_TASK GOAL_: From the data underneath, reproduce exactly the stretch that begins at the line with "SUNROAD GPS والملاحة" and ends after the line with "Wholesale 5cm Kids".

_ENTRIES SHOWN_:
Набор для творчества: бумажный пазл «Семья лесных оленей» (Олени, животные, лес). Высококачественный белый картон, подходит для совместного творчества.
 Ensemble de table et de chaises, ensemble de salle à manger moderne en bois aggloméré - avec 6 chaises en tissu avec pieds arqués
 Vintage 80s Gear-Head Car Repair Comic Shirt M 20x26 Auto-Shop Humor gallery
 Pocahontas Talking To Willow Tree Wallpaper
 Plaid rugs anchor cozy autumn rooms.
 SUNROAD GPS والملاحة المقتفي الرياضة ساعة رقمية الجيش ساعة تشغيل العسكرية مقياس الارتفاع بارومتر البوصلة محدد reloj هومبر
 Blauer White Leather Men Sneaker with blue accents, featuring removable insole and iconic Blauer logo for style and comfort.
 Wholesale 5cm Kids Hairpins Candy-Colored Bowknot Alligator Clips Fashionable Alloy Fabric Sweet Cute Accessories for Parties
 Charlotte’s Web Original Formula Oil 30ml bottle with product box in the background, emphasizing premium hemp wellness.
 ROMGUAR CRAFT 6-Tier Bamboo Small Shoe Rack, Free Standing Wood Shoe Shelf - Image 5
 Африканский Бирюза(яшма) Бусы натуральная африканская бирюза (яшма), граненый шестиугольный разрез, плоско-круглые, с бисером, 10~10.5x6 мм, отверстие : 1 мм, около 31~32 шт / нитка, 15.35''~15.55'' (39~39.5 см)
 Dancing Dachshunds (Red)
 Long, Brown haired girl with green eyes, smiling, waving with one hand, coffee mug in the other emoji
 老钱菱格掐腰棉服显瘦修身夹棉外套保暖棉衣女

_REPLY TO THE EXERCISE_:
 SUNROAD GPS والملاحة المقتفي الرياضة ساعة رقمية الجيش ساعة تشغيل العسكرية مقياس الارتفاع بارومتر البوصلة محدد reloj هومبر
 Blauer White Leather Men Sneaker with blue accents, featuring removable insole and iconic Blauer logo for style and comfort.
 Wholesale 5cm Kids Hairpins Candy-Colored Bowknot Alligator Clips Fashionable Alloy Fabric Sweet Cute Accessories for Parties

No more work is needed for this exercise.